── DATA RECORDS ──

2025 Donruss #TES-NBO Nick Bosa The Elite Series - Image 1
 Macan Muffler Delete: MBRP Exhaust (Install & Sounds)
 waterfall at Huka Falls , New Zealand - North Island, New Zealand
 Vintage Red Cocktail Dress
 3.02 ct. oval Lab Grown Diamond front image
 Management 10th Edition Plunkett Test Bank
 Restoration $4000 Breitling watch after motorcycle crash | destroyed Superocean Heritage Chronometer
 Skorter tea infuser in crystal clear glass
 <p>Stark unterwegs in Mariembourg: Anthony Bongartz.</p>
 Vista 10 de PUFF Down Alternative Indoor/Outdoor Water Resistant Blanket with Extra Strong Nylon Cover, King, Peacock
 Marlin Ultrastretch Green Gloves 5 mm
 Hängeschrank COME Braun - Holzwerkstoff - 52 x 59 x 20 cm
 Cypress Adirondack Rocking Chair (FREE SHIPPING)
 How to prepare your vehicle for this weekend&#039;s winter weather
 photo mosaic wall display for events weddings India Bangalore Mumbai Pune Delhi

───

■ EXERCISE PROMPT ■
Would you please restate all of the entries exactly?

■ RESULT FOR THIS TASK ■
2025 Donruss #TES-NBO Nick Bosa The Elite Series - Image 1
 Macan Muffler Delete: MBRP Exhaust (Install & Sounds)
 waterfall at Huka Falls , New Zealand - North Island, New Zealand
 Vintage Red Cocktail Dress
 3.02 ct. oval Lab Grown Diamond front image
 Management 10th Edition Plunkett Test Bank
 Restoration $4000 Breitling watch after motorcycle crash | destroyed Superocean Heritage Chronometer
 Skorter tea infuser in crystal clear glass
 <p>Stark unterwegs in Mariembourg: Anthony Bongartz.</p>
 Vista 10 de PUFF Down Alternative Indoor/Outdoor Water Resistant Blanket with Extra Strong Nylon Cover, King, Peacock
 Marlin Ultrastretch Green Gloves 5 mm
 Hängeschrank COME Braun - Holzwerkstoff - 52 x 59 x 20 cm
 Cypress Adirondack Rocking Chair (FREE SHIPPING)
 How to prepare your vehicle for this weekend&#039;s winter weather
 photo mosaic wall display for events weddings India Bangalore Mumbai Pune Delhi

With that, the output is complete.